[Work to be completed] Retype the listing below line for line, but only from the line with "33 Feet Ball" down to the line with "iPhone-fodral blommande färgglatt", inclusive. Pictures stay out.

[Exercise inputs]
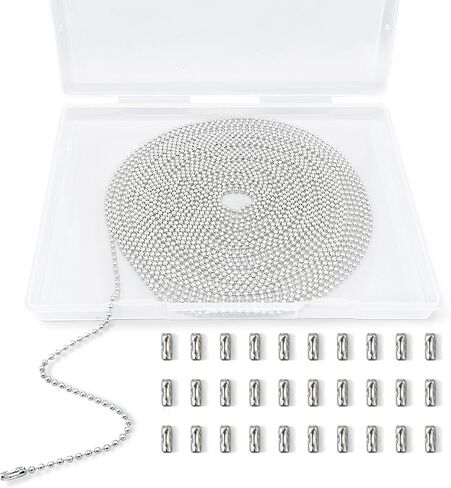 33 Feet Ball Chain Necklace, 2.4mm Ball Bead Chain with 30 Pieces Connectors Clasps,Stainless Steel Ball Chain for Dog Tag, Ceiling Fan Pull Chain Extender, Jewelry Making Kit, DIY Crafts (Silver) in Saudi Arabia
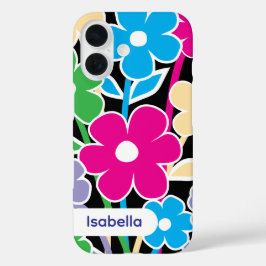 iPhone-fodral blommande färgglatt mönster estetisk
==
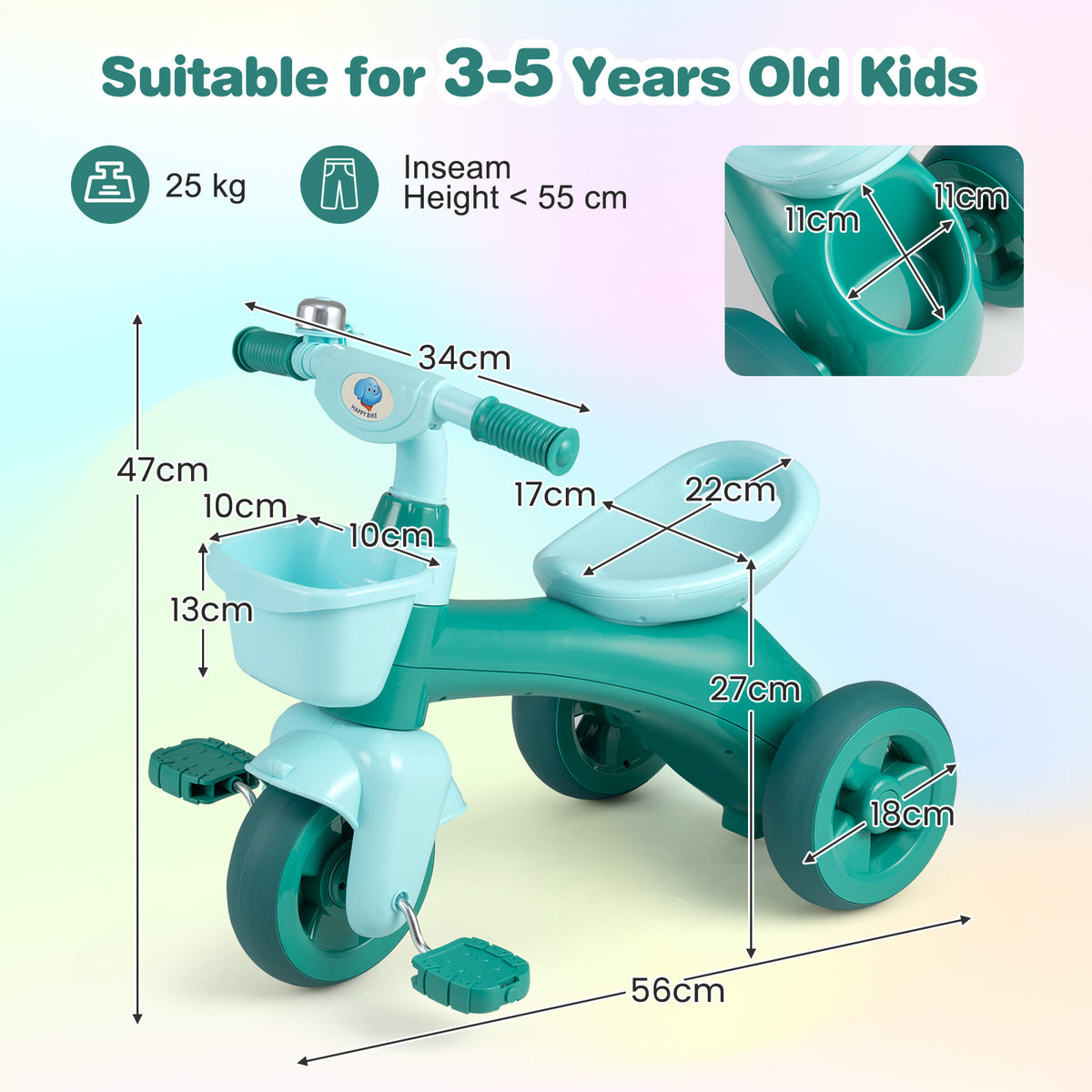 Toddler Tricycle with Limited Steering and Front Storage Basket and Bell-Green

[Response]
 33 Feet Ball Chain Necklace, 2.4mm Ball Bead Chain with 30 Pieces Connectors Clasps,Stainless Steel Ball Chain for Dog Tag, Ceiling Fan Pull Chain Extender, Jewelry Making Kit, DIY Crafts (Silver) in Saudi Arabia
 iPhone-fodral blommande färgglatt mönster estetisk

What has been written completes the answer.